Optus VP marketing, Mel Hopkins, is another who sees perception of value being critical to a trust-based connection with customers.

“Customers are pretty reasonable with data as long as they feel there is a value exchange,” she says. “What I do think has happened however, particularly with digital media, is that the value exchange has been forgotten – people are just spamming information out to their base. How you interact and manage is key here, and that’s where privacy and challenges around that come in.”

Outside of information utilisation, trust becomes more altruistic, involving authenticity and transparency holistically as a brand. It’s here CMOs all use the analogy of being in a human relationship.

“One of the things we’re working on internally at Optus is to feel psychologically safe. Because once you feel safe, then you trust. Doing what you say you are going to do when you’ll do it is the guiding light,” Hopkins says. But equally, Optus has realised consumer trust has been built in situations “where we’re willing to say we got it wrong and we’re sorry,” she says.

Demonstrating and communicating impact from the consumer’s perspective is how the Australian Red Cross describes its overarching approach to building trust.

“Transparency is overused as a term, but people do want confidence they made the right decision and that what we have done with their money will make a difference,” says director of engagement and support, Belinda Dimovski. “Many people who donate say they are confident we use their money in the way where we think it’s going to have the most impact. Others will want use to use the donation for a particular program. What we have to do is build trust from both aspects.”

Avoiding the creepy line

Proving impact for Australian Red Cross increasingly involves technology, digital channels and data tools that personalise communications and engagement and provide more transparency while tailoring experiences. REA Group, Tabcorp and Optus are also building out these capabilities, albeit for different growth objectives.

And they’re expected to. Today’s consumer wants personalised interaction, for brands to proactively respond to their needs and wishes, to access information, products and services efficiently and successfully across any channel of their choice, and to do it on their terms.

“The personalisation program of work is the fastest way to grow a very engaged audience: Consumers respond so much more effectively. By far, people want relevancy in what they are doing,” REA Group chief audience and marketing officer, Melina Cruickshank, comments.

Yet approach personalisation in a way consumers don’t agree with, and trust quickly erodes.

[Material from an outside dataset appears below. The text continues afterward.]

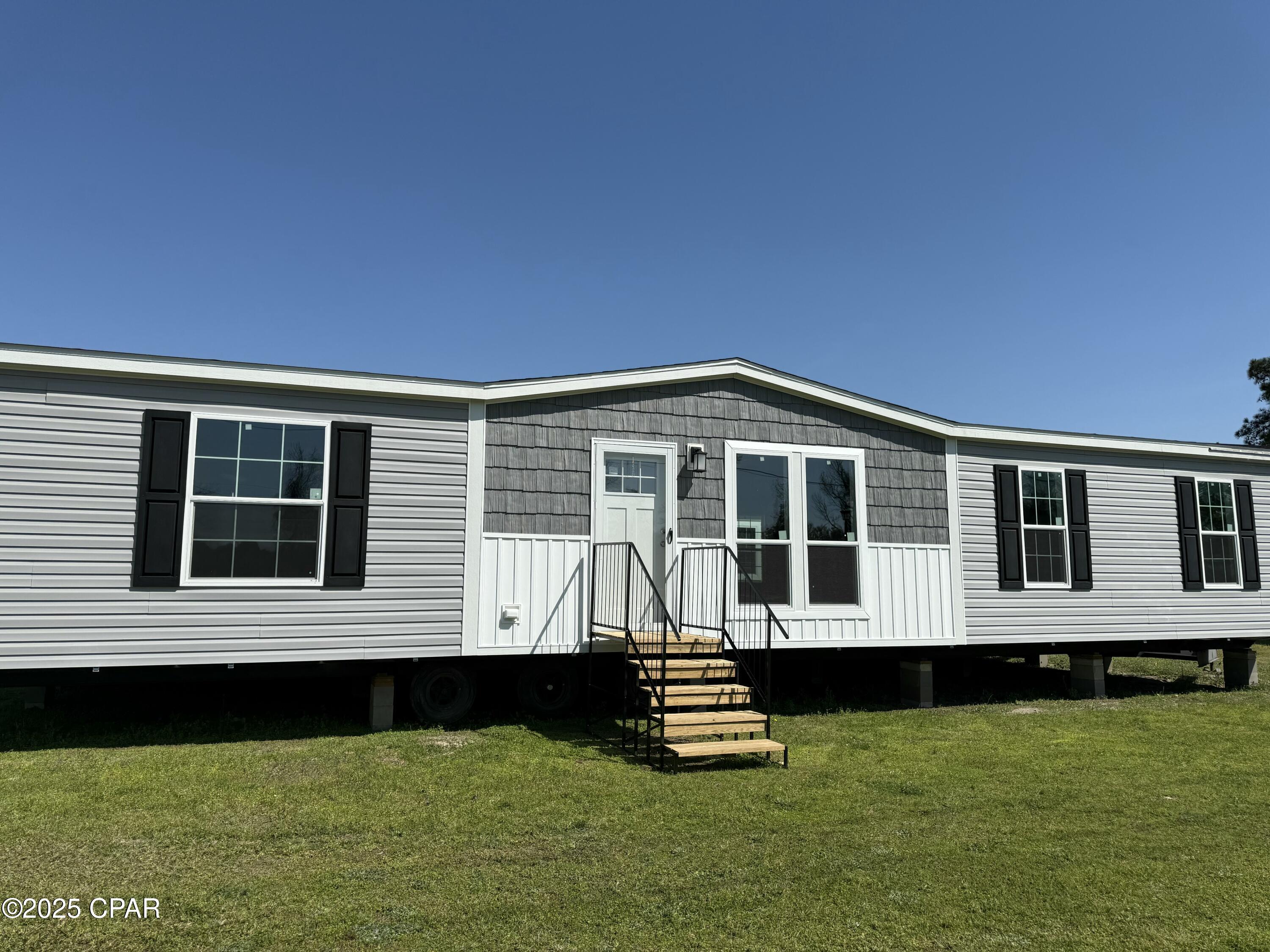 Welcome to your new home at 697 Son in Law Road in Bonifay! This brand-new mobile home is now on-site and ready for its new owner, offering a fresh start with modern style and comfortable living on a spacious 0.5-acre lot. Step inside to an inviting open-concept layout that seamlessly connects the living room, dining area, and kitchen--perfect for everyday living and entertaining. The kitchen features contemporary cabinetry, stylish countertops, and energy-efficient appliances designed to meet all your needs.

The home offers three generously sized bedrooms, each with ample closet space and large windows that fill the rooms with natural light. The master suite provides a relaxing retreat, complete with a walk-in closet and a private en-suite bathroom featuring a double vanity. Energy-efficient upgrades, including low-E windows and quality insulation, enhance both comfort and affordability. Don't miss this opportunity to own a move-in ready, modern home in a convenient Bonifay location!.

Cruickshank attributes REA’s recent decision to pull back from ‘deep’ personalisation to heightened sensitivity around privacy, along with the unprecedented levels of personal data shared in Australia’s response to the Covid-19 pandemic.

“What we are sensing from consumers is a reluctance to be as overt and immediate with their data sharing,” she says. “There is a lot more data being passed around, and it’s two or three communications in before we get a conversion. That’s extended out from two years ago, where it might have been one to two steps.” 

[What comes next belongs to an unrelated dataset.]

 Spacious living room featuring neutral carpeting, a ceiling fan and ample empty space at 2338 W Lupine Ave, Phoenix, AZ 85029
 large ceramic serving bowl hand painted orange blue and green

One live project at REA in response is asking questions, clarifying and tailoring interactions as if the brand is speaking to a customer in person. “Personalisation remains grounded in the individual and what’s relevant to them, but we are not calling out their actions or what they are doing,” Cruickshank says.

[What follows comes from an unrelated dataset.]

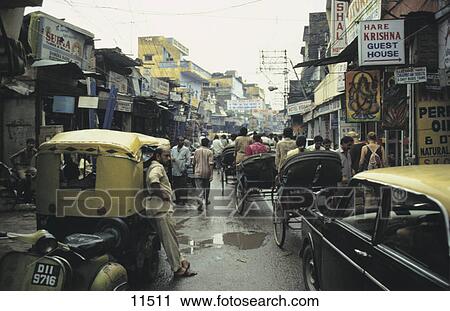 Pedestrians and auto rickshaws on road, New Delhi, India View Large Photo Image Stock Image - Pedestrians and auto rickshaws on road, New Delhi, India . Fotosearch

Things Tabcorp factors into personalisation efforts to avoid the creepy line include velocity of message, sending communications at the most relevant time of day and having clear criteria on windows where it won’t contact people. Monitoring customer behaviour is key here, as are using suppression lists.

Context further influences how a brand’s personalisation efforts are perceived. “We connect to past times that are entertainment based in racing and sport, so we have the licence to contact in a personalised way beyond a lot of other industries,” Waldren argues. “But that doesn’t let you off the hook for quality of message and its relevance.

“It takes deliberate and focused strategy and effort internally to ensure people understand the cultural aspects of that.”